▶ [Problem details]: Down to the last line below, write out every line exactly, starting with the one that contains "Prada Criss Cross Sandals" and leaving out the pictures.

Records from a data source

——————

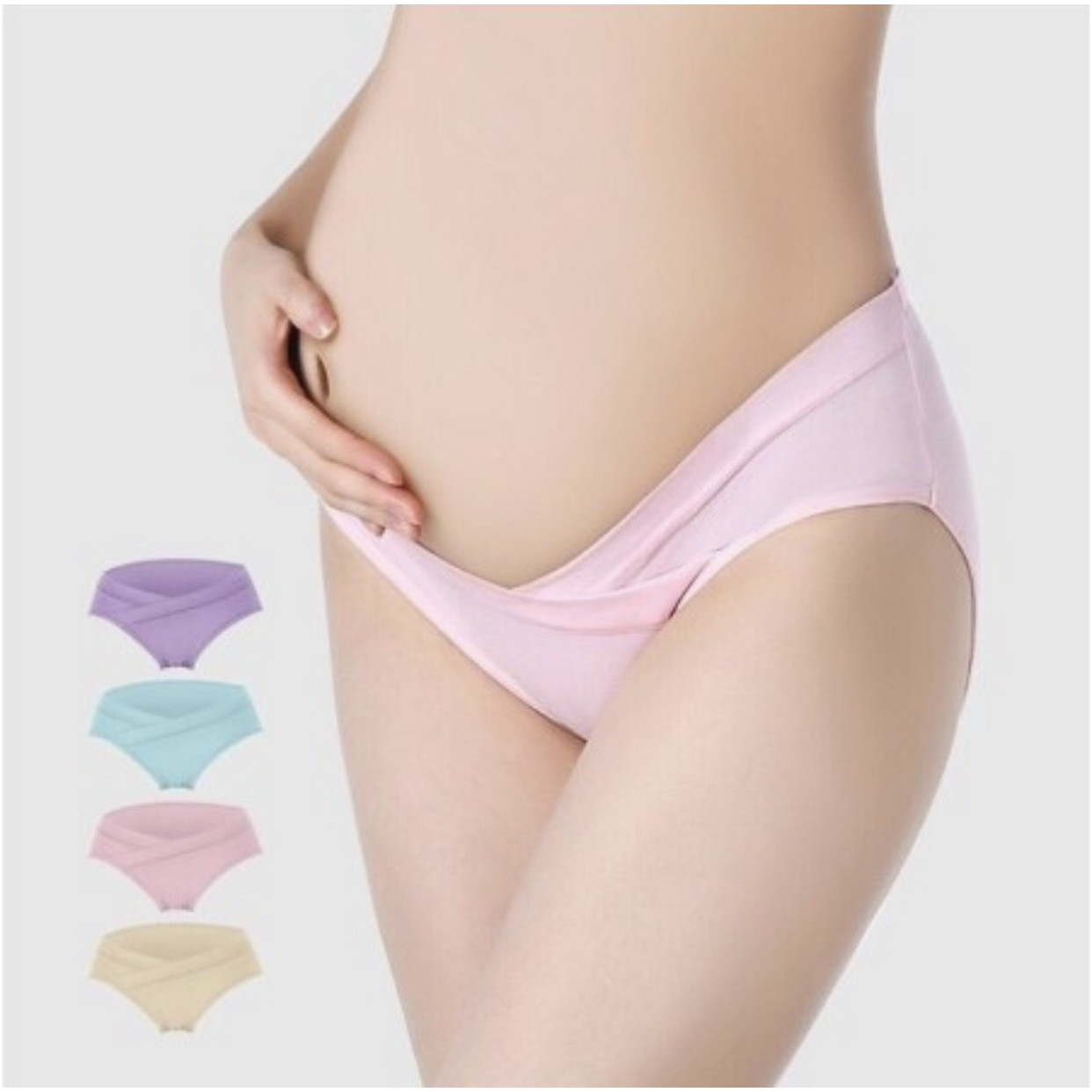 Combo 5 Quần Lót Bầu Cạp Chéo 100% Cotton Kháng Khuẩn Spring Loại Túi Zip Đẹp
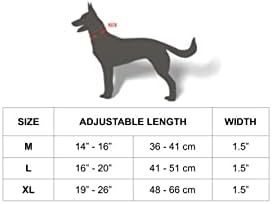 Colarinho de cachorro Mali -18 cores -colar de nylon de serviço pesado ajustável com fivela de metal de liberação rápida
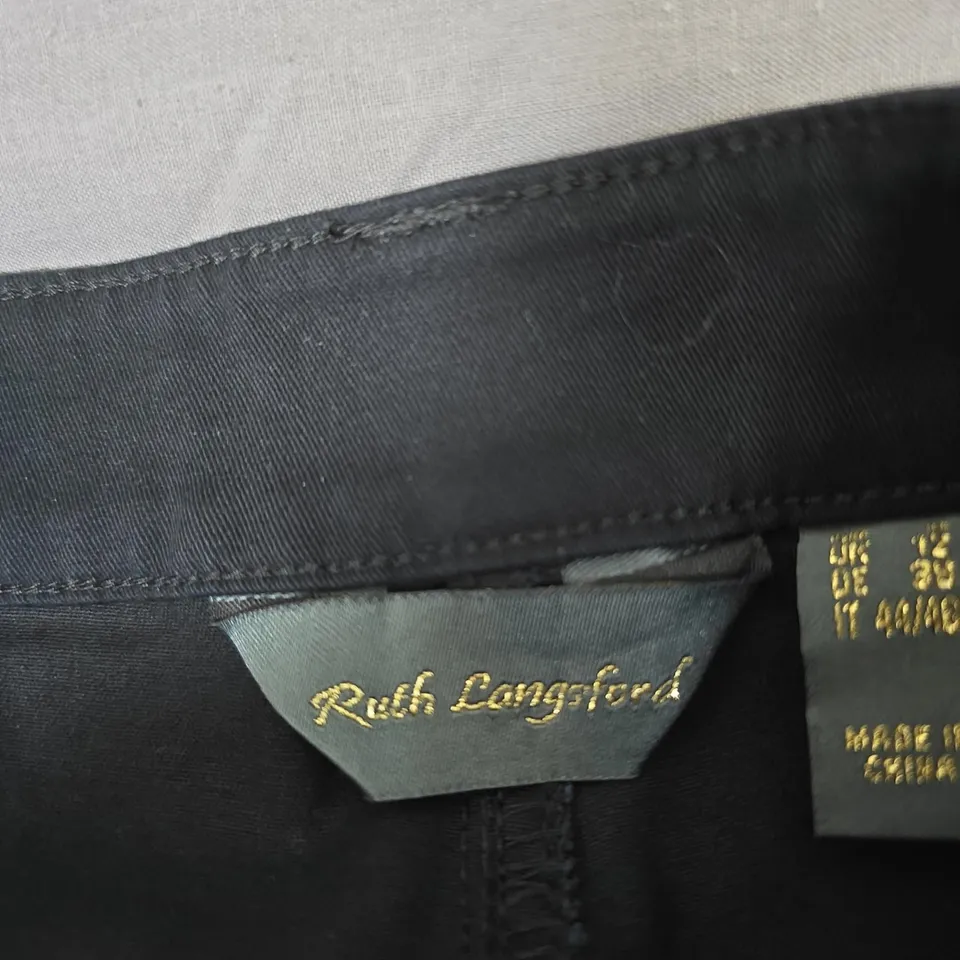 RUSH LONGFORD  TROUSERS – BLACK, UK 8 (EU 28 / IT 44/46) 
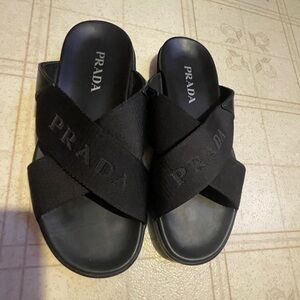 Prada Criss Cross Sandals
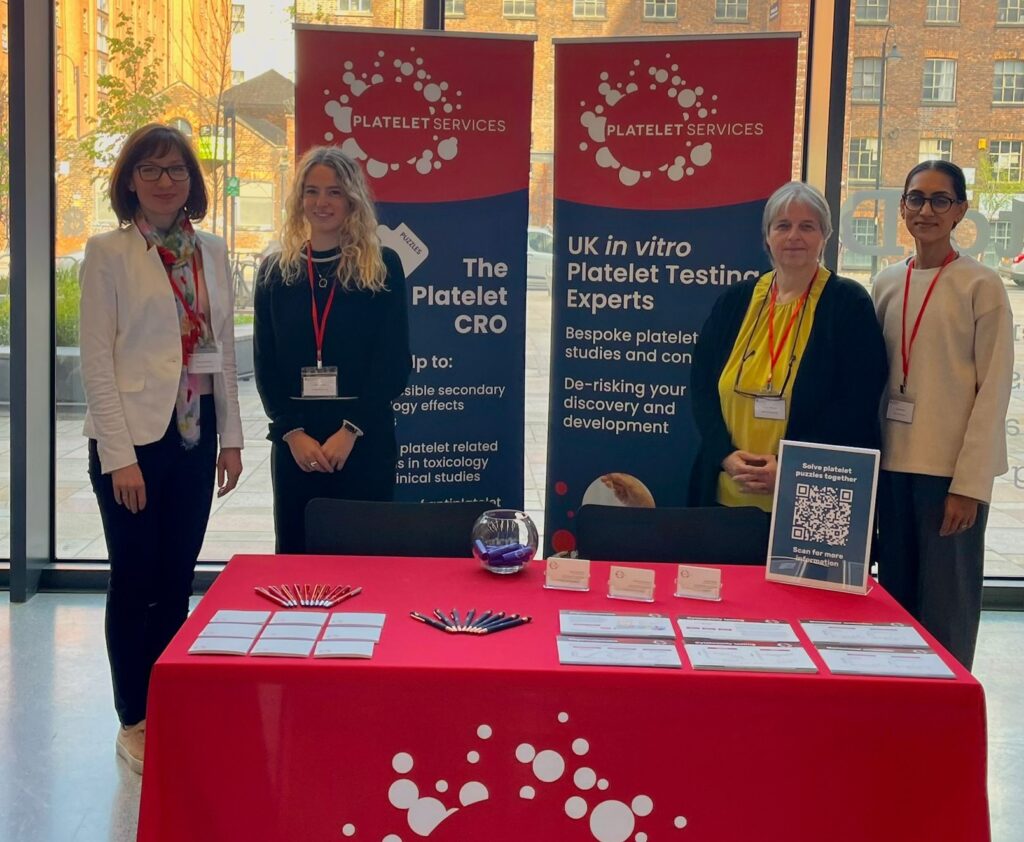 Platelet Services team at the Platelet Society Meeting 2025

——————

▶ [Output below]:
 Prada Criss Cross Sandals
 Platelet Services team at the Platelet Society Meeting 2025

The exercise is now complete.